> **Task statement**:
Leaving out all pictures, restate word for word the lines from the one with "Casa En Venta" through the last line of the entries.

Web page caption snippets:
§ §

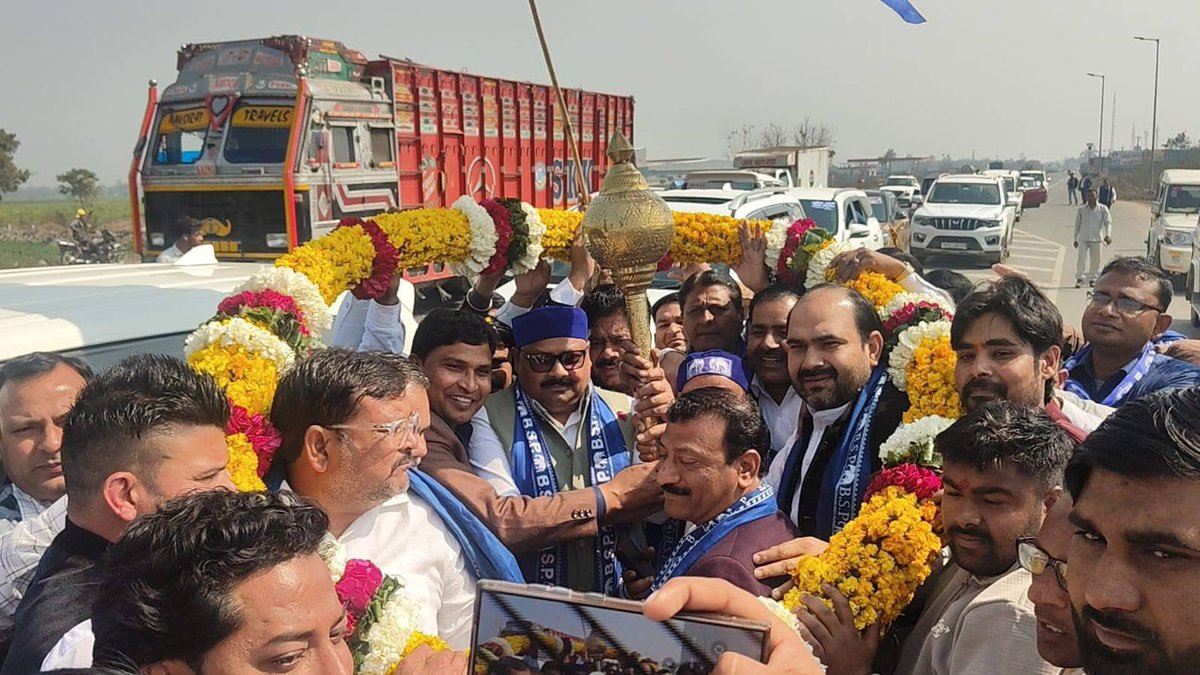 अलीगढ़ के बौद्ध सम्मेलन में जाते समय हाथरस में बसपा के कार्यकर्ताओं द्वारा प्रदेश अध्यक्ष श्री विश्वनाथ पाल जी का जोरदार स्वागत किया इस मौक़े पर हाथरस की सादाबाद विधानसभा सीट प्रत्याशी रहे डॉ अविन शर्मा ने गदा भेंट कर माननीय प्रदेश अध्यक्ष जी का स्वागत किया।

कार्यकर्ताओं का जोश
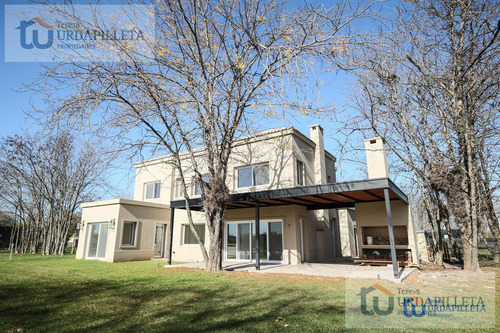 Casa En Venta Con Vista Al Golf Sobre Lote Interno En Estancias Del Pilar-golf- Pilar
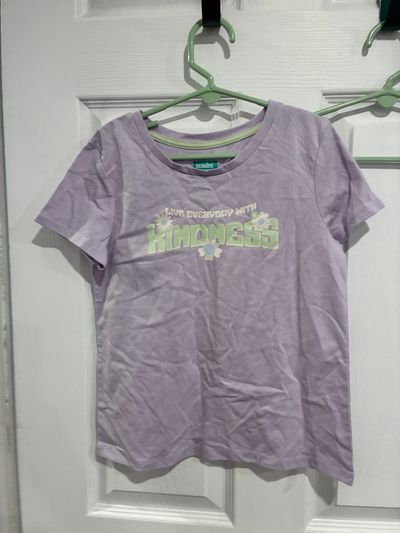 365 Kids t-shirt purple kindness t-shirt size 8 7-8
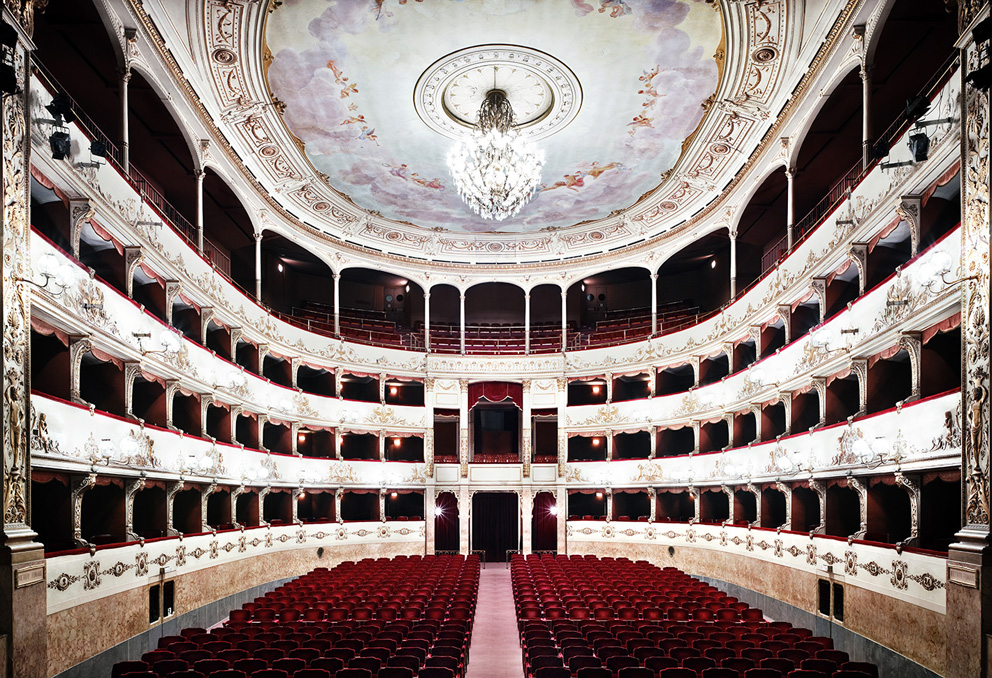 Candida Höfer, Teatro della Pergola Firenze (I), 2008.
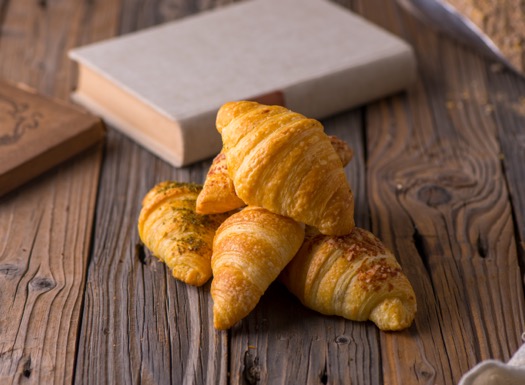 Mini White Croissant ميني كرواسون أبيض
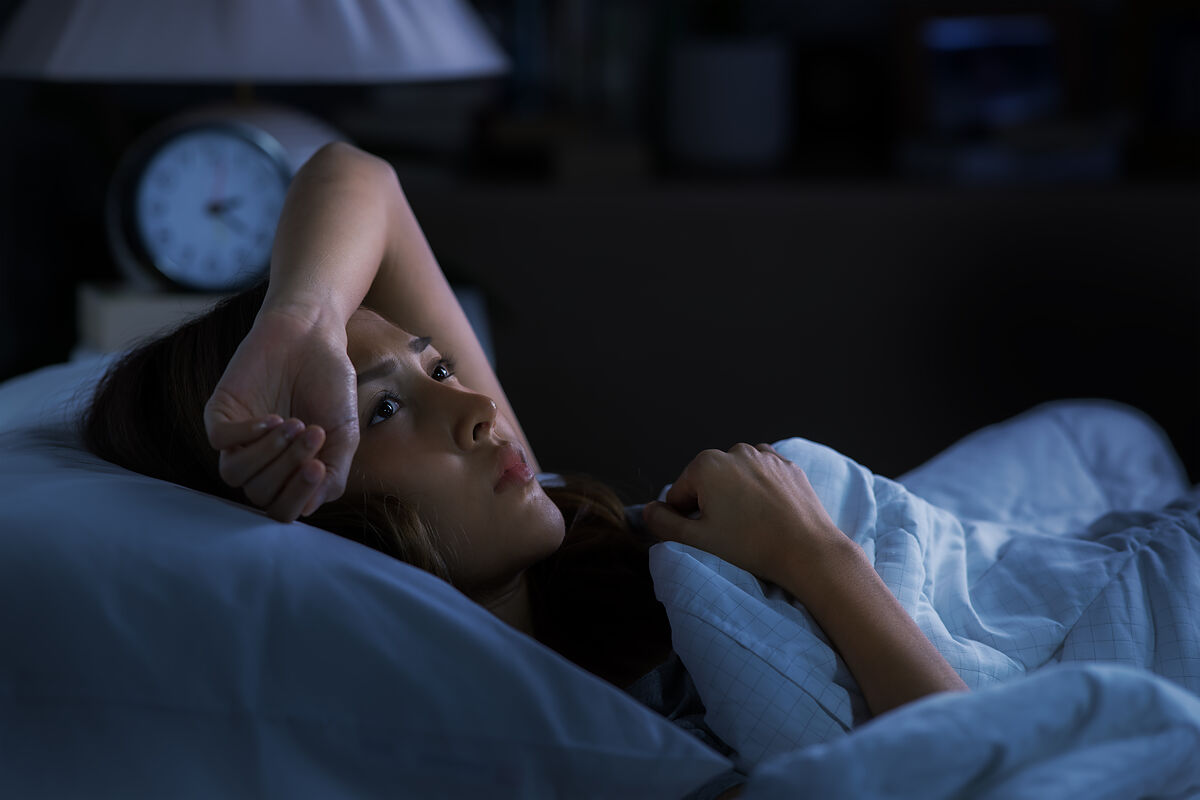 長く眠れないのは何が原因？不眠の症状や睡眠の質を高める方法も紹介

§ §

> **Result of the exercise**:
 Casa En Venta Con Vista Al Golf Sobre Lote Interno En Estancias Del Pilar-golf- Pilar
 365 Kids t-shirt purple kindness t-shirt size 8 7-8
 Candida Höfer, Teatro della Pergola Firenze (I), 2008.
 Mini White Croissant ميني كرواسون أبيض
 長く眠れないのは何が原因？不眠の症状や睡眠の質を高める方法も紹介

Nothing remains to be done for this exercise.